There are three acts tonight and we start with the fascinating if rather unfocussed retro-futurism of Grasscut. These are two guys (Andrew and Marcus) who wear matching suits and glasses and who entertain us with electronic glitches and skronks, samples of church bells and a rocking electric double bass. There are occasional Hot Chip –y moments, and perhaps an affinity with similar English electronic eccentrics Flotation Toy Warning or Hallmark. It’s the sound of the future engineered to mimic post war austerity. It’s an ambitious aim, and the duo can’t quite carry it off – they don’t have the songs as yet and there are moments when the technology seems to be playing the band rather than the other way around. Interesting stuff nonetheless.
Next up we have the trancey motorik beats of Quad Throw Salchow. A mysterious three piece, they create room for themselves to perform, with JG hunched behind a workbench laden with electronic gear to one side, bassist K pounding out rhythms in prime Peter Hook mode on the other. Centre stage is singer O, who croons in parallel with the music rather than following the tunes. Her eyes are closed and she twists from side to side, her arms outstretched in a pose of crucifixion.

These songs are persistent, nagging washes of sound, propelled by the bass and the electric tics of the machinery. They work through repetition and epic span. This band know a good groove when they hit one and extend themselves to heroic length – the final track must last at least fifteen to twenty minutes. As with all such music, whether they succeed or fail depends upon whether they can entice the audience to come along for the ride. I enjoy them a lot, but a quick poll amongst my mates afterwards indicates no more than a fifty percent hit rate.

And finally I am in a room watching Phantogram. And they are more wonderful than I had dared to hope.

Sarah is standing behind a selection of electronic equipment that appears to be half state of the art and half something cobbled together out of an old VCR. Joshua is feeding his guitar through a vast array of effects pedals. They start with “As Far As I Can See” with its sampled brass section and they don’t look back.
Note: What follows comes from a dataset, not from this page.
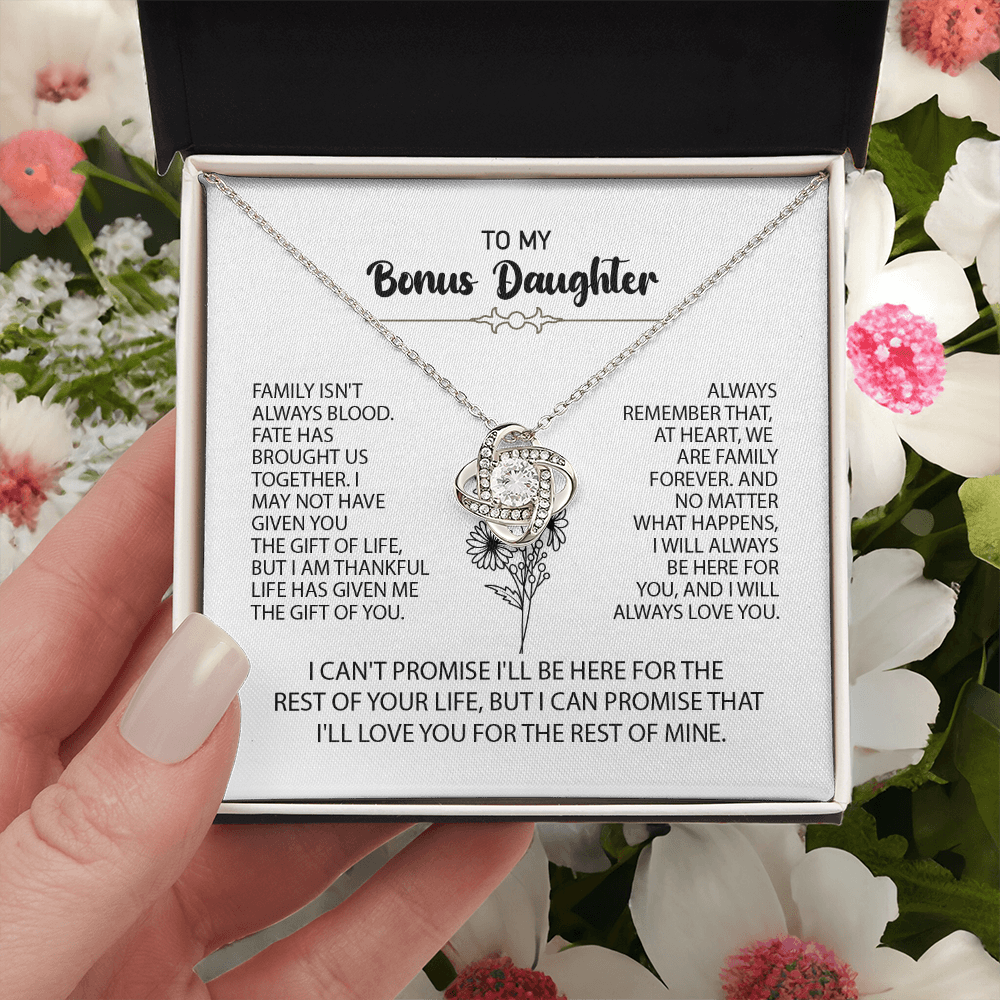 To My Bonus Daughter Necklace – Meaningful Gift from Mom or Dad | Stepdaughter Heart Necklace with Message Card | Family Love Jewelry Gift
They are much more hard edged and dynamic than their recorded works would indicate, Sarah jolting as though shot through with an electric current, her eyes closed and her head thrown back in a delightful smile that highlights the wonders of American dentistry. Josh appears frozen by a frantic white strobe light, occasionally whirling his instrument in stabs of sonic violence.

The buzzing hum of ‘Running From The Cops’, with its peculiar effect that makes Josh’s voice sound as though he is drowning makes way for long time favourite ‘Mouthful Of Diamonds’ which is as sweet as a summer evening . This music is just fantastic. I could say that this is the sound that School Of Seven Bells promised, and ultimately failed to deliver, but such comparisons sell Phantogram short.

The set draws heavily from debut album/compilation Eyelid Movies, which I commend to you all.

This is the first night of a whistle-stop European tour and they are going to make friends wherever they go. Hurry back guys.